These considerations ought to be taken into account far more than they usually are. When people fail to consider them, the results are often pathetic, especially when the religious education of children becomes a bone of contention in the family.
No true psychology of marriage could ignore these vital matters, for there is in true marriage love an order by which it ascends and descends (CL 302). As is explained clearly in the first part of this book, when two people are betrothed, the mind of the one should be united with the mind of the other, so that a marriage of the spirit is effected before that of the body.
AN ESSENTIAL CHANGE
All engaged couples who are sincere in their love for each other are able to detect one psychological result of their endeavours. As it is put so beautifully and accurately in CL 304, "Their souls disengage themselves from unlimited love of the sex and devote themselves to one, with whom they look to an enduring and eternal union, the growing blessings of which are spurs to the hope which constantly renews their minds." Nevertheless this disengaging process is not always easy, especially with the man, even when his affection for his loved one seems to be quite sincere. Each person has to fight his own battle in this matter, of course, and each person can find his own armour of truth if he wants to do so. It seems to be the case that sexual desires vary very greatly with different people, and we are not always in a position to judge others in this respect. Nevertheless, for the sincere New Churchman both the ideals and the warnings put before him in Swedenborg's work Conjugial Love cannot fail to help him. Even a reading of Swedenborg's experiences in the spiritual world sometimes helps by giving us an idea that will meet our own particular psychological difficulties. For example, he tells how he met a husband and wife from the celestial heavens, and in the course of conversation he asked the man if he could look at any other woman besides his wife, since their union was so close. The man replied that he could, but as he and his wife were united in their souls, it was as though they looked together. "When I look at the wives of others I look at them through my wife," (CL 75). An ordinary individual still living in this world, and still unmarried, cannot hope to reach such heights as that, but he can look at other women as his fiancee would, and it will certainly help him to purify his thoughts and affections and send them in the direction he would prefer them to go.

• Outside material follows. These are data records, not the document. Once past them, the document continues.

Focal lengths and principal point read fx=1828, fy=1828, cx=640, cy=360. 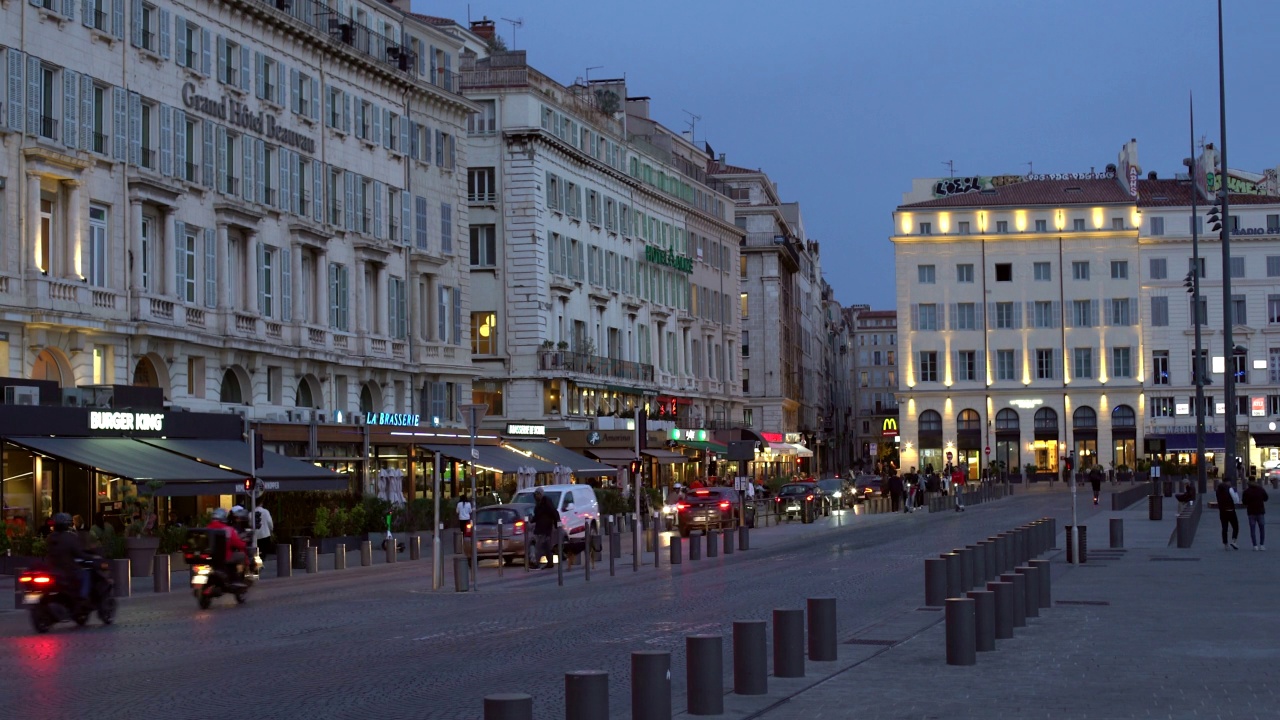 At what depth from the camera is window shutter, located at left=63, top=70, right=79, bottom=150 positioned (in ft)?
137

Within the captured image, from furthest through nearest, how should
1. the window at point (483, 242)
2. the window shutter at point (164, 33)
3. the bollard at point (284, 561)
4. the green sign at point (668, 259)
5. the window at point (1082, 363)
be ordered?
the window at point (1082, 363)
the green sign at point (668, 259)
the window at point (483, 242)
the window shutter at point (164, 33)
the bollard at point (284, 561)

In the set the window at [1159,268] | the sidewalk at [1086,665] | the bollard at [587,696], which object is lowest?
the sidewalk at [1086,665]

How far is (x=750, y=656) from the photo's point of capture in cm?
1396

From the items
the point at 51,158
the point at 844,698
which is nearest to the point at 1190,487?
the point at 51,158

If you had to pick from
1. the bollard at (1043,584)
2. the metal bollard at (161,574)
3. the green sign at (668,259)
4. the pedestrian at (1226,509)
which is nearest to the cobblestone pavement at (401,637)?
the metal bollard at (161,574)

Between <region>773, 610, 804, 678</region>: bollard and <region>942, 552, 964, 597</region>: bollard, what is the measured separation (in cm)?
728

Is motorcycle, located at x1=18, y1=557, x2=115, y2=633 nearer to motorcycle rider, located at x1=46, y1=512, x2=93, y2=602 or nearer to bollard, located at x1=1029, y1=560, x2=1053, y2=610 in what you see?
motorcycle rider, located at x1=46, y1=512, x2=93, y2=602

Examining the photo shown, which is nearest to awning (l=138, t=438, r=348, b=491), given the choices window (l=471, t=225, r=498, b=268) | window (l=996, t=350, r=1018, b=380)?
window (l=471, t=225, r=498, b=268)

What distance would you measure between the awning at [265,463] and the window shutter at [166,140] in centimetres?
697

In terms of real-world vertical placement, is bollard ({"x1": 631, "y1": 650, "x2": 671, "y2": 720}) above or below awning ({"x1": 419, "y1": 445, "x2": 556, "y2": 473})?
below

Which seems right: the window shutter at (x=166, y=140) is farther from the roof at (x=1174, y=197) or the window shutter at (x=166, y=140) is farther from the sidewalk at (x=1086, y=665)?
the roof at (x=1174, y=197)

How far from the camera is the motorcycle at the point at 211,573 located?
26.7m

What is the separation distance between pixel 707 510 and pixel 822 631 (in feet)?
121

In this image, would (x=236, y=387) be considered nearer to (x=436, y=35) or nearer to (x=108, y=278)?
(x=108, y=278) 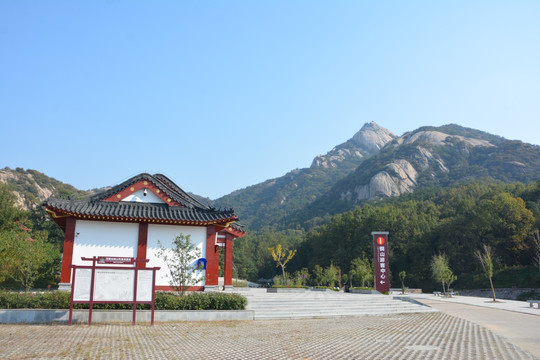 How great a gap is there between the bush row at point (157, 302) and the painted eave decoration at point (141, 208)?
4.64 m

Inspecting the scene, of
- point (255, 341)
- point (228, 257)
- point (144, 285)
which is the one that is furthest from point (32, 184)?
point (255, 341)

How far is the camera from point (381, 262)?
2564cm

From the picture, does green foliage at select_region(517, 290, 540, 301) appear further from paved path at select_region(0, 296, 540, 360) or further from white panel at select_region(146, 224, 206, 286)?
white panel at select_region(146, 224, 206, 286)

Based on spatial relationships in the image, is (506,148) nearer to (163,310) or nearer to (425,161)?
(425,161)

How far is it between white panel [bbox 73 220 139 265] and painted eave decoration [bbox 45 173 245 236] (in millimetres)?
440

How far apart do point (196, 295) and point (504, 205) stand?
150 feet

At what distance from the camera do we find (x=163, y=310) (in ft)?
40.3

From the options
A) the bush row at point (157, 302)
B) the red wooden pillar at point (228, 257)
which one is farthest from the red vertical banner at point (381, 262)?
the bush row at point (157, 302)

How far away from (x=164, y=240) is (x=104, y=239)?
2624mm

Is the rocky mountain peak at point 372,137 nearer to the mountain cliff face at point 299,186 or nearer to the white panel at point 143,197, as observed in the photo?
the mountain cliff face at point 299,186

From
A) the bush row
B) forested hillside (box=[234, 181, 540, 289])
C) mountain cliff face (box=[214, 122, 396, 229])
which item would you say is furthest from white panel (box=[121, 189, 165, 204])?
mountain cliff face (box=[214, 122, 396, 229])

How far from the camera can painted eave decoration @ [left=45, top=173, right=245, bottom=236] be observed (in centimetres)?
1667

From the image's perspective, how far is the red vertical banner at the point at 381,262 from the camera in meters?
25.2

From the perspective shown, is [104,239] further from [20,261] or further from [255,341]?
[255,341] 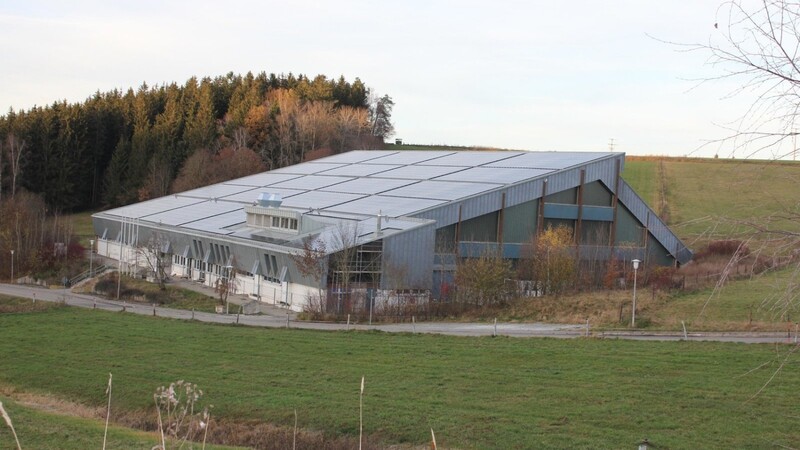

It is the teaching of the New Church that during betrothal, i.e. before marriage, it is not allowable to be united in the body. If this is done the physical is put before the spiritual and is implicitly considered to be more important. Thus the true order in marriage love is liable to be destroyed, for in this as in all things, the natural should be under the rule of the spiritual.
SOME "FALSITIES FROM EVIL"
People who have no spiritual ideals will think that this is not very important, and those who think of happiness only as the fulfilment of bodily desires, especially in sexual sensation, will think it is rubbish, and being carried away by the self-intelligence and love of dominion which goes with evil, will try to persuade others to think the same. Their arguments are disposed of, as soon as we reflect that the desire of the body brings its own slavery with it when it gets out of control, and the minds of such people are chained and fettered so that they cannot think otherwise. They are simply not in a position to see the truth of the matter at all. It is true that their arguments are easily disposed of in this way, but we have to be careful that they do not succeed in arousing the evil affections which are in us, as in them, by heredity. We have to do what they have no intention of doing; shun such evils as sins. One form of excuse for laxity and reversal of the right order in marriage conjunction which is advocated to-day ought to be noticed. It is said that if people live together before their wedding, this "trial marriage" will show whether they are going to live happily together later on. If it is not successful then they need not proceed with the wedding. The answer to this is that such a trial marriage can never be a genuine trial at all. The essential of true marriage is that it is a permanent relationship, and the thought of permanency should be present from the beginning. When it is present all sorts of adjustments can be made without much difficulty - and often with great reward - simply because both partners assume without question that their permanent relationship as husband and wife requires it. If the relationship is only a temporary one, either or both parties may decide that the effort is not worth while, and even when things are going well, they must both have a sense of insecurity about their own and each other's feelings, for neither belongs to the other, as husband and wife do. Incidentally, this is one reason why the loosening of marriage ties in any society is difficult to control. Insecurity is apt to breed insecurity.
At first young married people are usually as self-centred as children, for the bride and bridegroom setting off on their honeymoon can only think of themselves and the delight they find in each other, and the honeymoon itself is a custom which enables them to do this without exciting much comment from other people. There is no intention to say anything here which might imply that this is a state of mind to be regretted! Far from it. Indeed, it may be the means of introducing conjugial love to the young married couple, and in any case no-one wants to look with a jaundiced eye on the happiness of young people. Like children, they are engaged in the fascinating adventure of discovering an unknown universe, in this case the universe circumscribed by their own love.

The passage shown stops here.